Democracy and Political Ignorance: Why Smaller Government Is Smarter
- Author: Ilya Somin
- Language: English
- Subject: Political philosophy, Government, Political ignorance
- Genre: Non-fiction
- Publisher: Stanford University Press
- Publication date: 2013 (original edition) 2016 (revised and expanded edition)

= Democracy and Political Ignorance =

2013 book by Ilya Somin

Democracy and Political Ignorance: Why Smaller Government Is Smarter is a 2013 book from Stanford University Press by George Mason University law professor Ilya Somin. Somin argues that people are ignorant and irrational about politics and that this creates problems for democracy.

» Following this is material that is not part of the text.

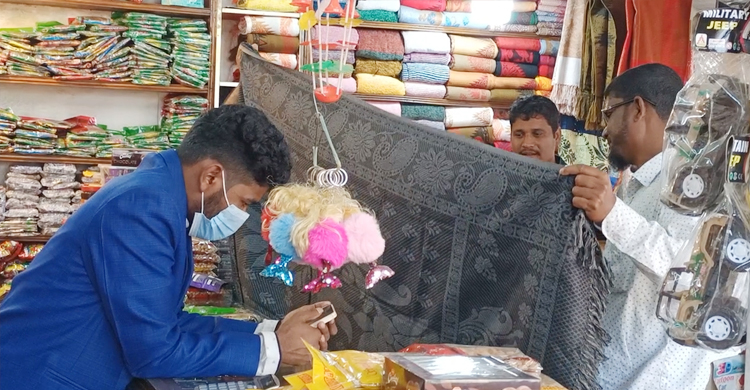 দম ফেলার সময় নেই কুয়াকাটার ব্যবসায়ীদের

He further claims that this consideration argues in favor of smaller and more decentralized government.

A revised and expanded edition of the book was published in 2016. It includes new material on a variety of issues, including discussions of the "Big Sort" and its implications for "voting with your feet," the connection between political ignorance and the disproportionate political influence of the wealthy, new proposals for increasing political knowledge, and up-to-date survey data on political ignorance from recent elections. The book has also been published in Italian and Japanese translations.

==Themes==

Somin published a series of guest posts on the Balkinization blog outlining the key themes of his book.

==Reception==
===Book reviews===
Jack Shafer reviewed the book on his Reuters blog and discussed its implications for the role of mass media in democracy. Christopher Schmidt reviewed the book on his blog, part of the IIT Chicago-Kent Law blog network. A. Barton Hinkle reviewed the book for the Richmond Times-Dispatch. John David Dyche reviewed the book for WDRB. The book was also reviewed on Book Bargains and Previews.

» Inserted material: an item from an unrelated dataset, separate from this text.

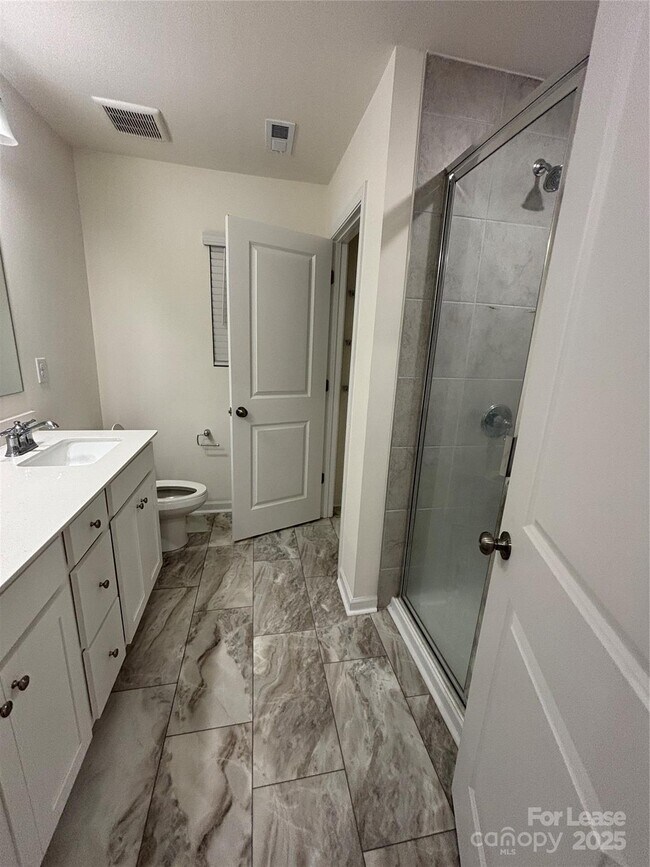 Building Photo - 6043 Rizer Dr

Political commentator George Will reviewed the book favorably in an op-ed in The Washington Post.

Philosopher Jason Brennan briefly reviewed Somin's book on the Bleeding Heart Libertarians blog, ending with a strong recommendation to buy the book. Donald Boudreaux also offered a brief review and strong recommendation of the book on his blog, Cafe Hayek.

===Discussions===

Somin defended the thesis of his book in the lead essay of Cato Unbound in October 2013. Other participants in the exchange included Heather Gerken, Jeffrey Friedman, and Sean Trende. Gerken's response essay used the fox versus hedgehog distinction, arguing that Somin's ideal voter was a fox, whereas David Schleicher's work stressed that voters tended to be hedgehogs and use their party affiliation as an informational shortcut. Sean Trende argued that despite their ignorance, voters get the important things right. Jeffrey Friedman agreed that voters are ignorant, but claimed that rational ignorance was not the correct explanation of the phenomenon. Rather, he claimed that voters had a simplistic model of the world. Somin responded to all his critics and there was some further exchange of views between the participants.

The Cato Institute organized a book event to discuss the book, scheduled for November 6, 2013. Participants at the event included Somin, John M. Sides of George Washington University, and John Samples of the Cato Institute.

===Other mentions===
An article in Manila Times discussed Somin's book in the context of political protest movements in the Philippines.